Repairs

A lack of new content isn’t the only thing wrong with this blog. In recent weeks, it has also been brought to my attention that the template I’m using is flawed. It looks fine in Internet Explorer (IE), but lousy in any other browser. Users of both Mozilla Firefox and the Mac-based Safari have reported seeing exactly the same formatting glitches. The problem seems to be with the Cascading Style Sheets (CSS) used by the template; IE interprets the CSS code incorrectly, but the person who created the template evidently was using IE to view the result, and concluded that it worked properly.
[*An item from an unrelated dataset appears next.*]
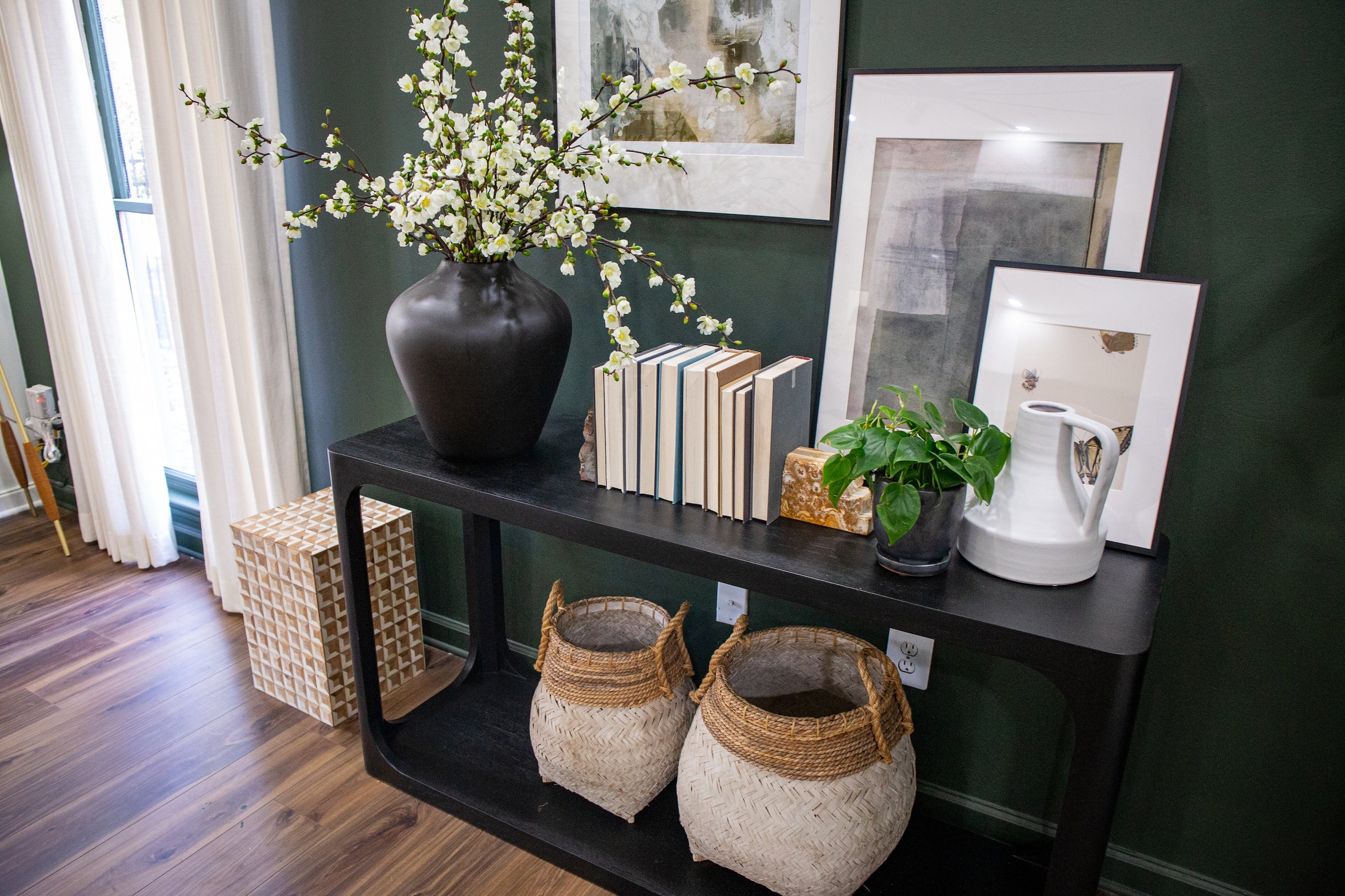 Projects &ndash; Indigo Road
I’m not proficient with CSS, but my son Ben is, thanks to the HTML classes he took at school. He did some tinkering with the CSS code, but was unable to find a way to make it look right in both IE and non-IE browsers. My friend Virgil came up with a compromise that he says looks OK in both sorts of browsers, and I may end up using it. But there’s one other thing I want to try first. In the course of researching the problem, I stumbled across this trick for putting two versions of the CSS code in external files — one of which is used only by IE, and the other only by other browsers. If it works, this solution will be the best of both worlds. I hope to have it implemented in the next day or two.
UPDATE: The trick I mentioned above did not solve the problem — it doesn’t work with newer non-IE browsers like Firefox. But Ben wasn’t willing to give up. The problem is now fixed, thanks to his supreme excellence as a Javascript hacker. (I was going to say “his l33t h4x0r sk1llz,” but I thought that might be confusing to readers who aren’t fluent in Leetspeak.)